握力は加齢を推定する数値として活用されています。握力は物を握りしめる力のことで、前腕屈筋群と手筋という一部の筋肉の力を指しています。しかし、全身の筋肉量の関連研究から、大腿四頭筋力、背筋力と握力との相関性が報告されています。大腿四頭筋は大腿骨につながる太腿の筋肉、背筋は背中の筋肉で、身体を支える重要な筋肉となっています。
また、握力は持久力、生活活動に必要な体力測定の項目とも相関性が認められています。握力の低下は全身の筋力の低下、筋肉量の低下を示す指標となっていて、加齢による減少の割合も明らかにされています。
握力は20歳を100%とすると60歳では85%、70歳では75%に低下していきます。加齢につれて低下するものの、他の体力要素に比べると最も低下しにくい指標となっています。垂直跳びは60歳では60%、閉眼片足立ちは30%にも低下しています。
握力のピークは男性では30〜34歳で47kgほどですが、60歳では42kgほどになります。女性のピークは35〜39歳で29kgほどですが、60歳では26kgほどに低下します。

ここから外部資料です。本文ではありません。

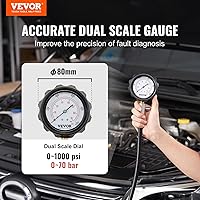 Vista 2 de VEVOR – Probador de compresión de motor diésel, juego de herramientas de prueba de presión de cilindro de 18 piezas, con medidor de 0-1000 psi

握力と認知機能の関連性も研究が進められていて、握力が5kg低下するごとに認知症発症リスクが男性では1.16倍、女性では1.14倍に高まります。アルツハイマー病のリスクは男性が1.11倍、女性が1.13倍、血管性認知症のリスクは男性が1.23倍、女性が1.20倍との報告もあります。

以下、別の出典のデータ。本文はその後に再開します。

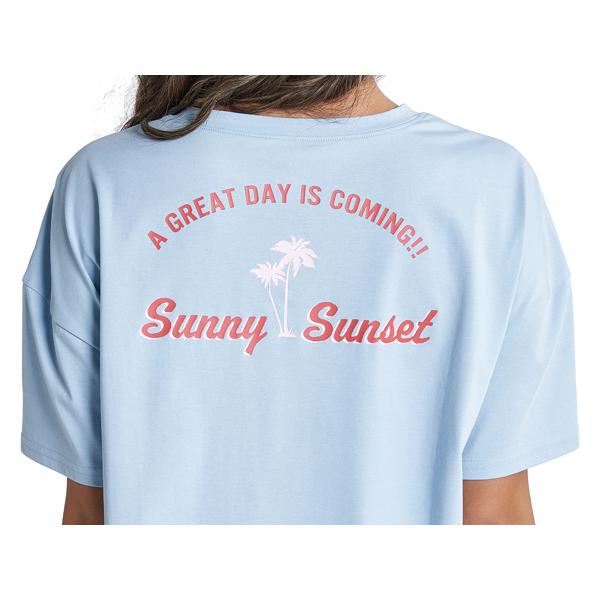 ロキシー ROXY SUNNY SUNSET サニー サンセット ラッシュTシャツ レディース 春 夏 ブルー 青 スポーツ フィットネス 半袖 Tシャツ RLY232012-BLU｜mario｜04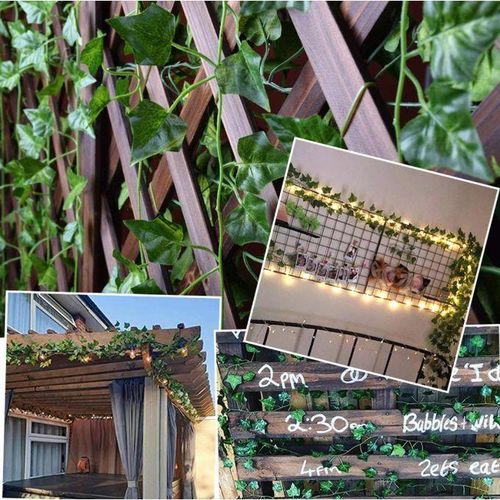 product_image_name-Generic-12pcs Rattan Artificial Leaves Vines Leaves Grape Ivy Leaf2.2m Plant Vine Hanging Realistic Fake Leaves Flower For Wedding Wall ,Balcony Privacy Fence Garden Decorative Hedge And Outdoor Decor-7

握力は指で握る力、前腕の引く力を鍛えることで高めていくことができます。手と腕の筋肉を強化するには、全身の活動も大切になります。日常的な活動量を増やすと同時に、握ることを習慣化することによって、全身の筋肉を強化して、筋肉による代謝を高めていくことができます。
筋肉は1日に消費されるエネルギー量の20%以上を占めているので、生活習慣病に結びつきやすい血液中のブドウ糖、中性脂肪などをエネルギー化させて、リスクを低下させることにもつながっていくということです。